The good news is that, if you don't count the prostatitis, my overall health continues to be fairly good, as it was throughout the summer.  My baseline health continues to rise at an almost imperceptibly slow rate.  If it simply topped off right now and never got any better, I would probably count my blessings.  My bigger concern would be relapse, so I am generally continuing with the pacing, supplements, and diet that (I think) got me here in the first place.

Tuesday, September 2, 2014

Update on my prostatitis

A lot has happened since I last wrote about this in mid-August.  My baseline health has actually been pretty good lately (for an ME patient), but this prostatitis has been preventing me from getting the full enjoyment out of it.

A few day after my last post, I made an appointment with my urologist.  As predicted, he wanted me to immediately go on antibiotics.  I argued.  I said that I'd read 90% of prostatitis cases are non-bacterial. He rolled his eyes and chuckled (not in a condescending way - we have a good relationship).  He said that while it's true that not all cases of prostatitis are bacterial, it's a lot more than 10%.  Based on the fact that antibiotics seemed to cure me last time (arguably) he recommended them again.  I protested.

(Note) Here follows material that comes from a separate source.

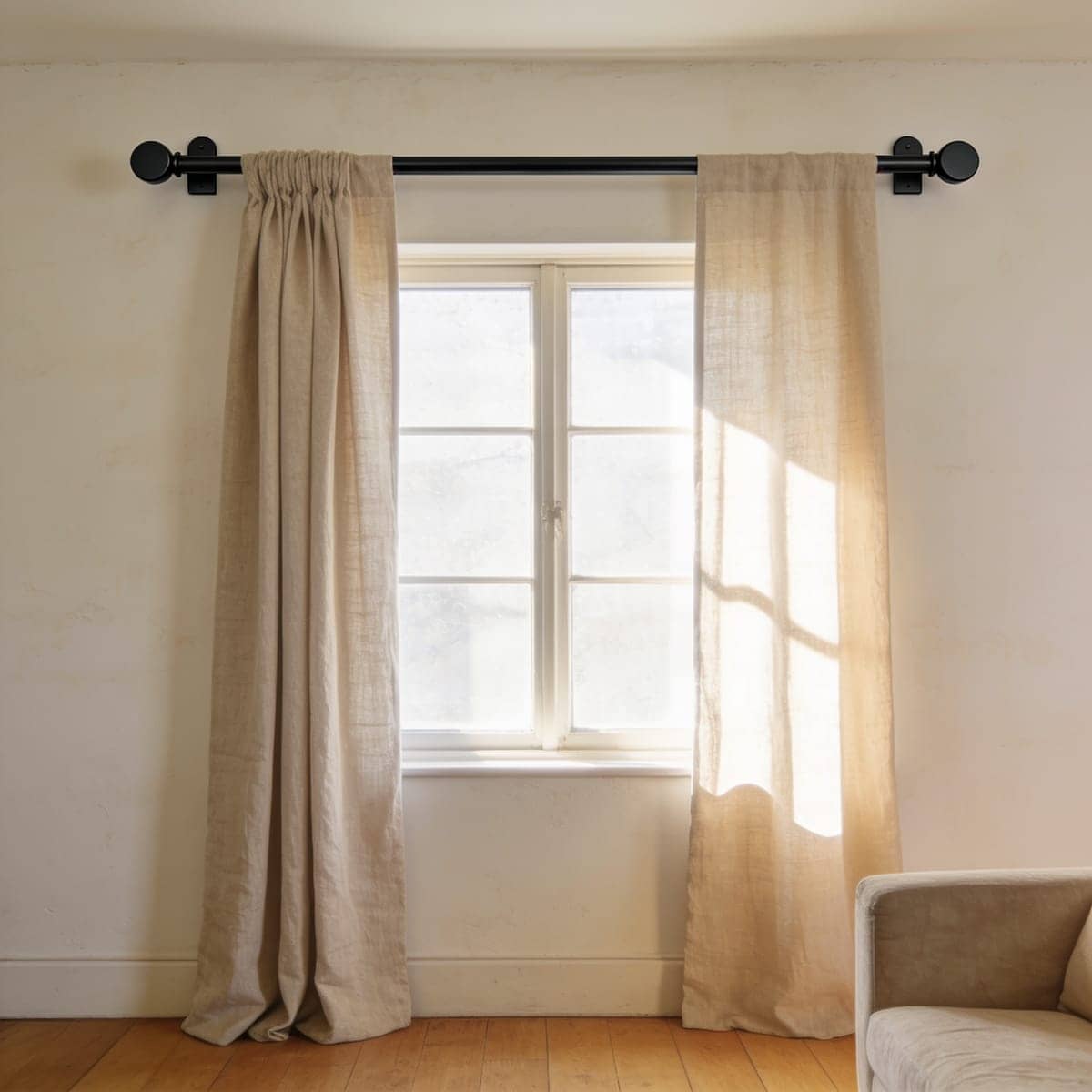 slim matte black curtain rod with small flat cap finials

The doctor's said, "let's compromise.  I'll write you a 'script and you hold onto it and only redeem it if you get worse."  I agreed this was a reasonable plan.  Then we agreed on a specific antibiotic: Bactrim.  Doxycycline didn't work for me last November and Cipro is apparently the devil (according to others) and I don't want to risk tendon damage.

My plan was to wait a week and see where I was after doing "all the right things" according to the urologist: no caffeine (I rarely have it anyway), hot baths, and anti-inflammatories.

I lasted two days.

It turned out to be the right call because 3 or 4 days after I started the Bactrim, I felt almost 100% better overnight.  If it was just the anti-inflammatory affects of the Bactrim (as opposed to the bacteria-killing effects) I would have expected the improvement to be gradual and linear.  Instead, it was PAIN, PAIN, PAIN...nothing.

So I dutifully took the Bactrim 2x/day for the full 10 days (also with probiotics twice a day, of course). After the 10th day I felt good...for a few days.  Then it came right back.

I went back to the urologist and he prescribed two more weeks of Bactrim.  I started back on them after a 3 or 4 day break, which gave me some concern.  Wouldn't the strongest bacteria have survived and replicated, I asked?  The urologist waived off this concern without explanation.

Once back on the Bactrim, my symptoms mostly disappeared for a couple more days before coming roaring back.  So now I'm still on the Bactrim and the symptoms are back.  By the way, when I say "symptoms" I'm referring to the fact that when I sit down I get the slight sensation that I've been impaled on a wrought iron spike.

So this time I called my doctor back (I don't need another $45 co-pay, thanks), and he switched me to Levaquin - which is in the same scary family of antibiotics as Cipro, called fluoroquinolones.  The problem (according to Dr. Google) is that the prostate is a very isolated organ that is not easily reached by many antibiotics. The antibiotics in the fluoroquinolones family have a unique ability to penetrate tissue and get places that other antibiotics cannot.  That's also what makes them so toxic.

*Sigh*.  So it all comes down to this once again: live with pain and risk a spreading infection or take a fairly toxic antibiotic and decimate my gut flora.  Not an easy choice but I'm going to take my chances with the Levaquin.